Overall, the inclusion of MutableView
classes in the current API design suggests that the omission of a AnalysisInputLocation
implementation providing an in-memory input location capability is likely an oversight or more simply yet to be implemented. After all, the ability to create classes at runtime is a core component of Soot and SootUp. We imagine it will likely be corrected in later iterations of the API.
Call Graph
One of the core features of Soot and SootUp is the ability to create a call graph of Java code that portrays the flows between methods. The discussion below outlines the differences in how Soot and SootUp generate call graphs. It focuses on the central components that comprise the call graph generation process. Namely, how a call graph is: 1) represented and stored, 2) generated using provided algorithms, 3) modified, and 4) fine tuned to fit analysis needs.

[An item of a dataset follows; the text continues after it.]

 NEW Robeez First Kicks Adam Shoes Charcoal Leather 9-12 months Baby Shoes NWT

Graphing Backend and Data Structure
While Soot uses an internal data structure to house its call graph, SootUp makes use of the third-party library JGraphT.15 JGraphT is a Java library focused on graph theory, data structures, and algorithms. Its direct use in SootUp makes it much easier to define and manipulate graphs using well known graph theory techniques. These graphs can also be easily exported in formats usable by other libraries, or transformed and rendered for visualization. However, for Soot, implementing much of the functionality provided by JGraphT would require significant modification as its graph structure only supports the most basic of traversal techniques.
Unfortunately, while SootUp is using JGraphT as a backend, the JGraphT API is not easily accessed through SootUp’s API by default. This is because SootUp wraps the JGraphT graphs in its own classes, primarily the sootup.callgraph.GraphBasedCallGraph
class, in order to provide additional functionality. The underlining JGraphT graph stored in GraphBasedCallGraph
can only be accessed from child classes using undocumented protected methods. The code snippet below illustrates how to wrap an existing GraphBasedCallGraph
object in order to access the underlining JGraphT graph through the method getGraph()

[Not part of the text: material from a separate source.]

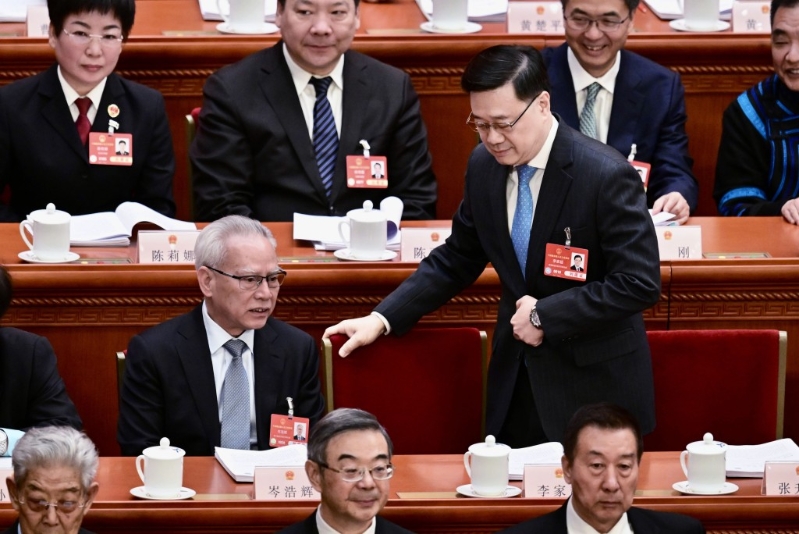 李家超表示，主動識變應變求變，以發揮「一國兩制」制度優勢和香港獨特的國際化優勢。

. A complete version of this class can be found in the ServiceNow SecurityResearch GitHub repo.16
Wrapping GraphBasedCallGraph
To Access the Underlining JGraphT Graph
package sootup.callgraph;
...
public class CallGraphWrapper extends GraphBasedCallGraph {
private final GraphBasedCallGraph cg;
public CallGraphWrapper(GraphBasedCallGraph cg) {
this.cg = cg;
}
@Override
public void addMethod(@Nonnull MethodSignature calledMethod) {
cg.addMethod(calledMethod);
}
...
public void removeCall(@Nonnull MethodSignature sourceMethod, @Nonnull MethodSignature targetMethod) {
getGraph().removeEdge(vertexOf(sourceMethod), vertexOf(targetMethod));
}
public void removeMethod(@Nonnull MethodSignature method) {
if(calls(method).isEmpty()) {
removeMethodForce(method);
}
}
// will remove all edges associated with vertex as well
public void removeMethodForce(@Nonnull MethodSignature method) {
getGraph().removeVertex(vertexOf(method));
getSignatureToVertex().remove(method);
}
}
In addition to the changes mentioned above, it should also be noted that SootUp call graphs do not differentiate between two calls to the same method from within the same originating method. That is if a method calls the same method twice, only one edge is created in the graphs SootUp produces. As such, information about the call sites in a method are also lost in SootUp’s call graphs. On the other hand, Soot creates a new edge for every call statement in a method. This is functionality that can and likely will be added in future updates to SootUp as it is necessary for more precise call graph building.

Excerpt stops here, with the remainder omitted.